> _Work task_: Output exactly the lines from the one containing "湖南锡精矿今日费用/湖南钨精矿分布图" through the final line of the entries below, both included, and skip the pictures.

+++

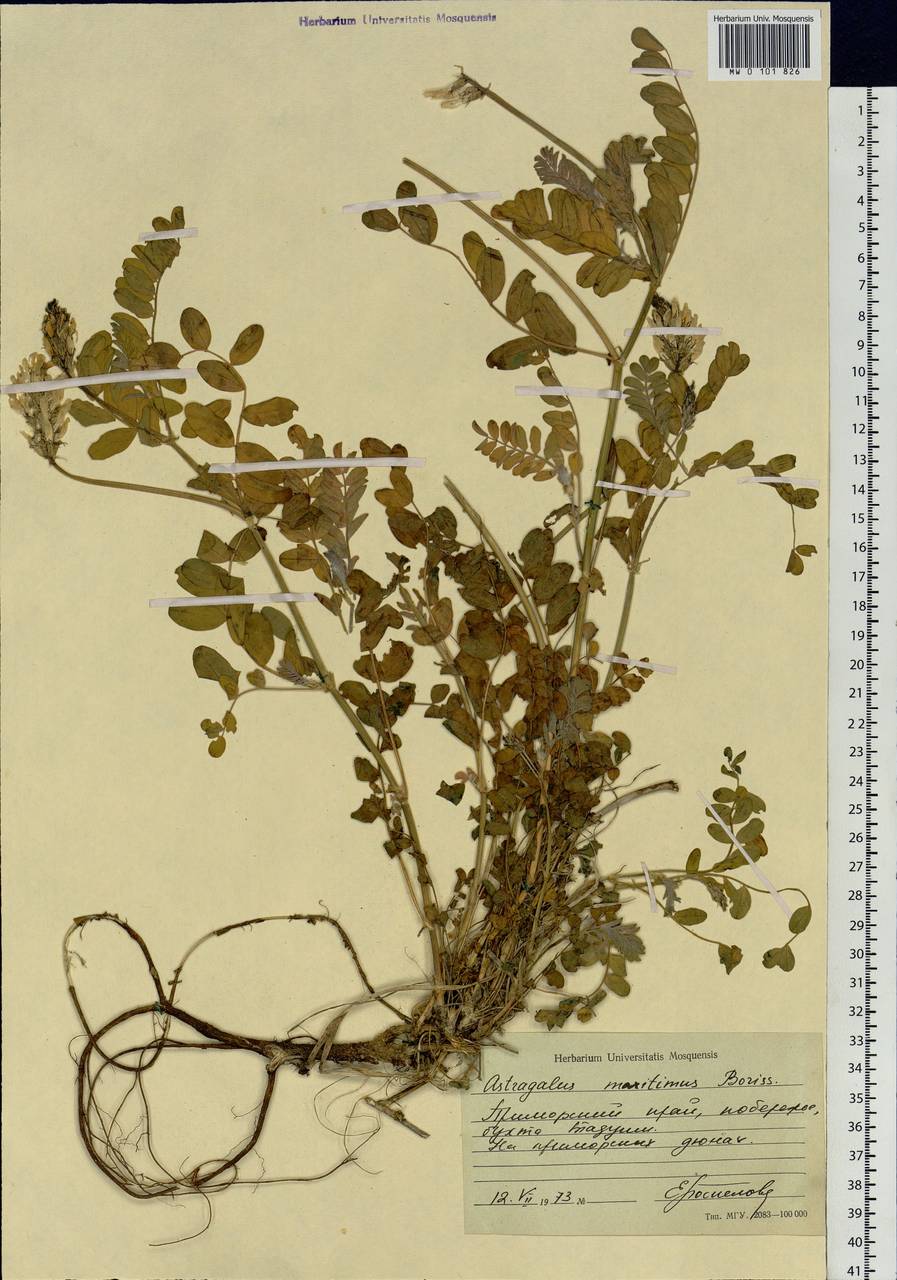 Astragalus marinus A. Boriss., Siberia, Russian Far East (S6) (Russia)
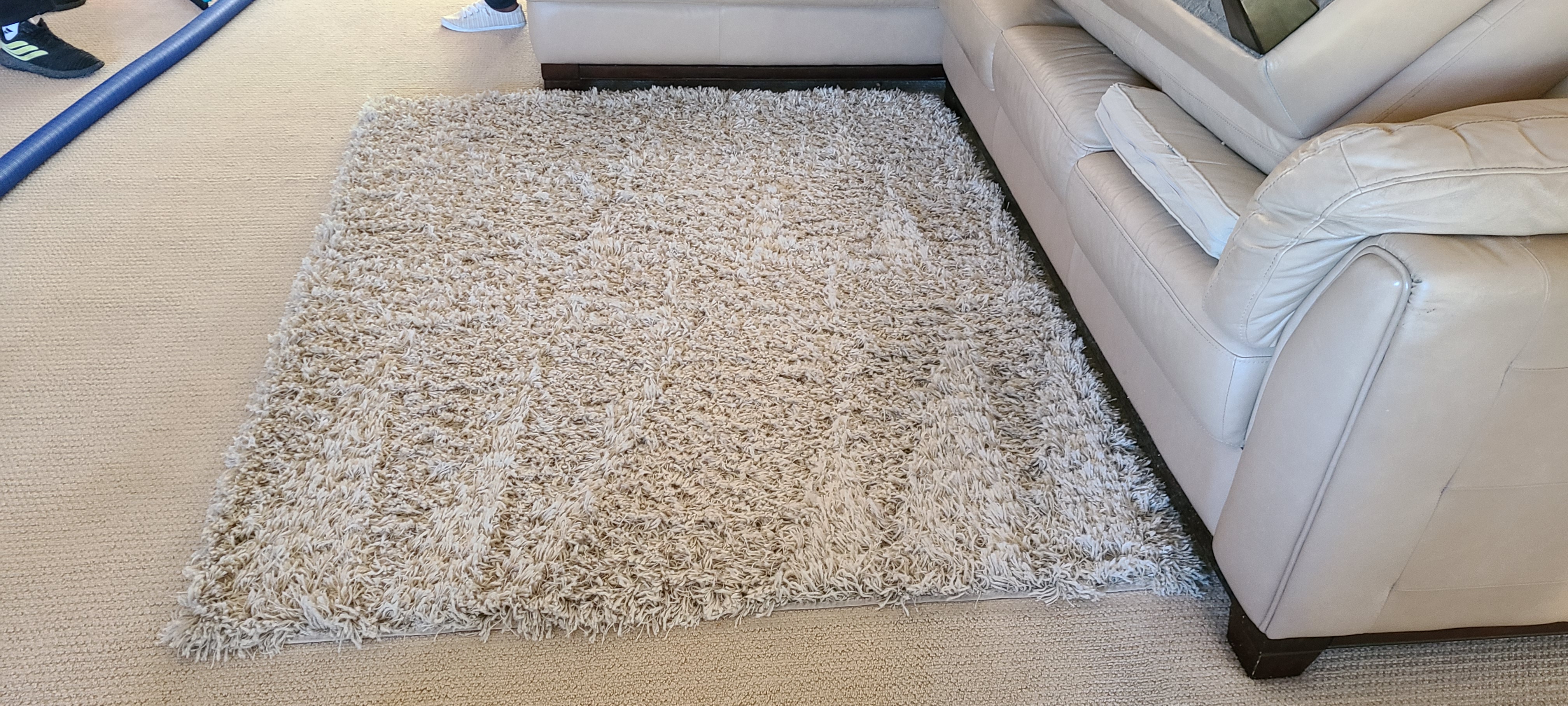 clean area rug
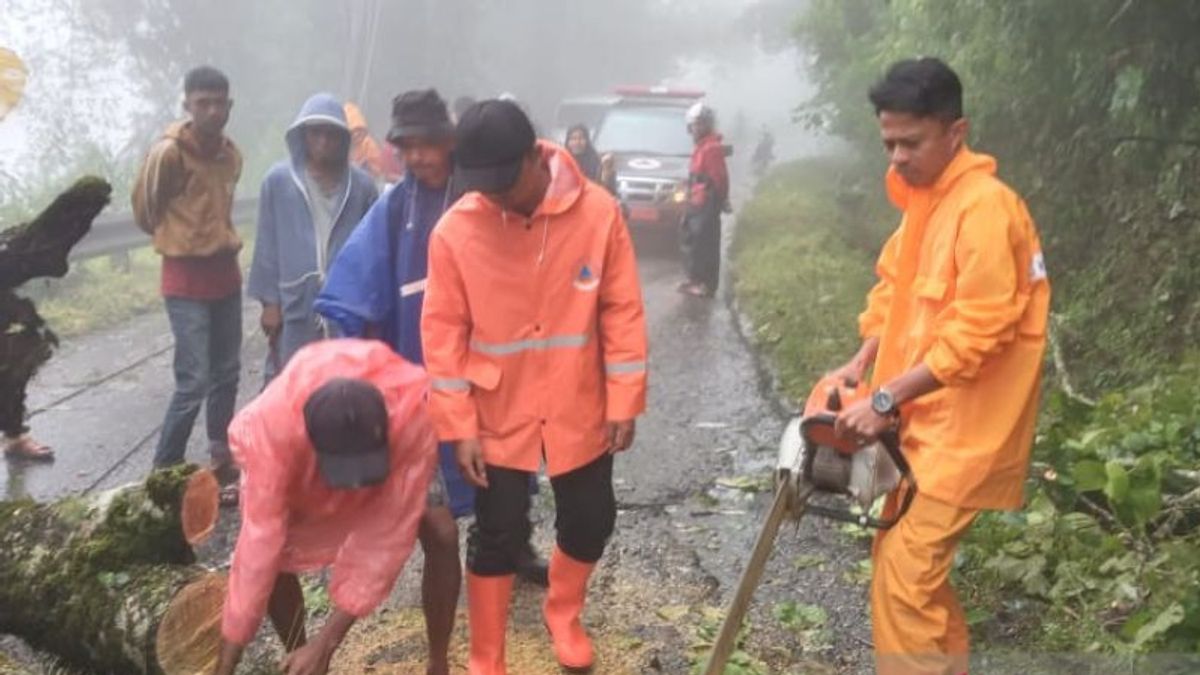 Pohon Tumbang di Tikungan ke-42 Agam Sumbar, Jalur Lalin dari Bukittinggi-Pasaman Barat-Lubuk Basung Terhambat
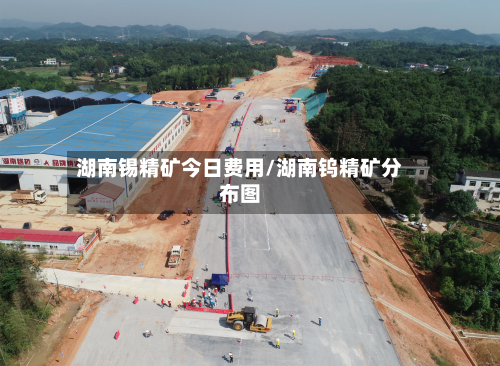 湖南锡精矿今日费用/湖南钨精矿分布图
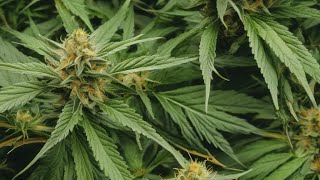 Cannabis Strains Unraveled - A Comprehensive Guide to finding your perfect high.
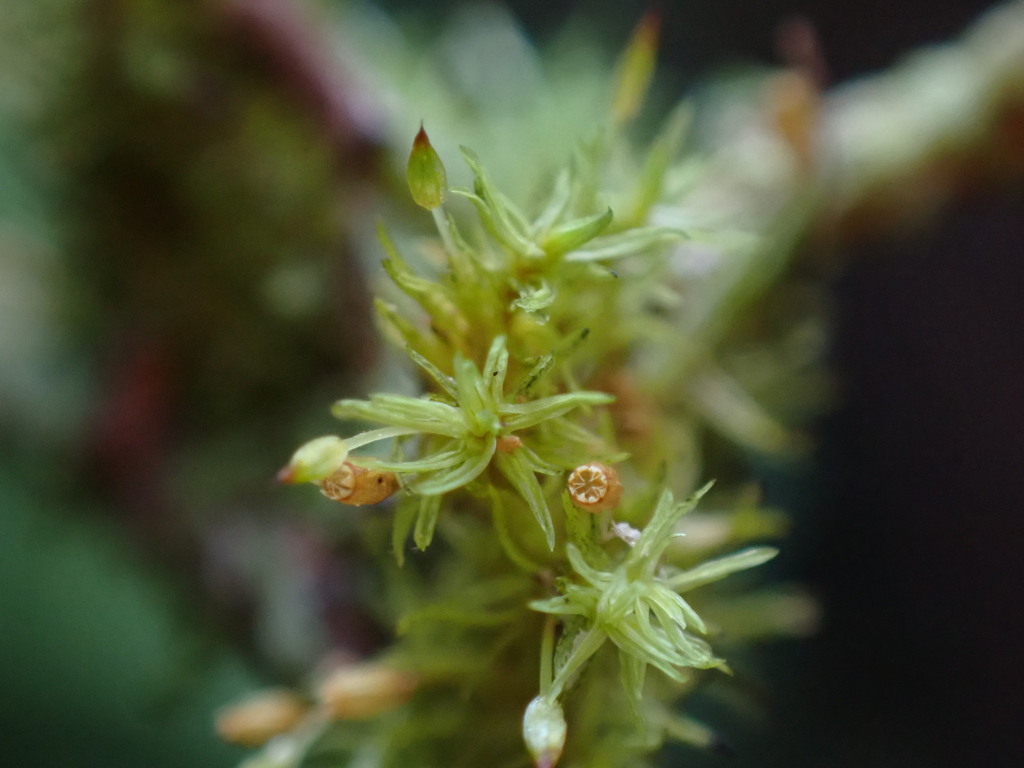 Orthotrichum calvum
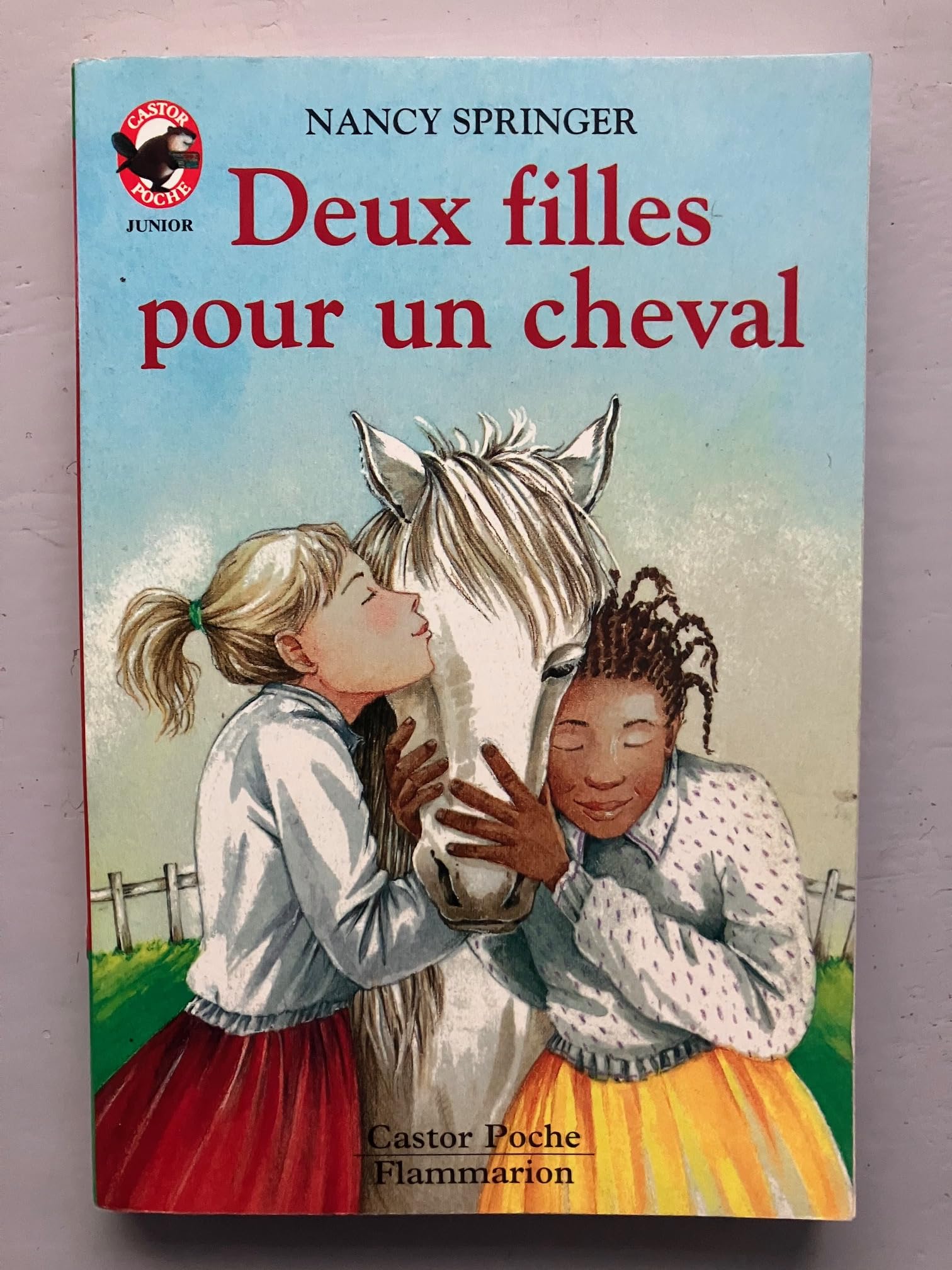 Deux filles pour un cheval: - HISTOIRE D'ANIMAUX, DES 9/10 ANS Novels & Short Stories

+++

> _Answer box_:
 湖南锡精矿今日费用/湖南钨精矿分布图
 Cannabis Strains Unraveled - A Comprehensive Guide to finding your perfect high.
 Orthotrichum calvum
 Deux filles pour un cheval: - HISTOIRE D'ANIMAUX, DES 9/10 ANS Novels & Short Stories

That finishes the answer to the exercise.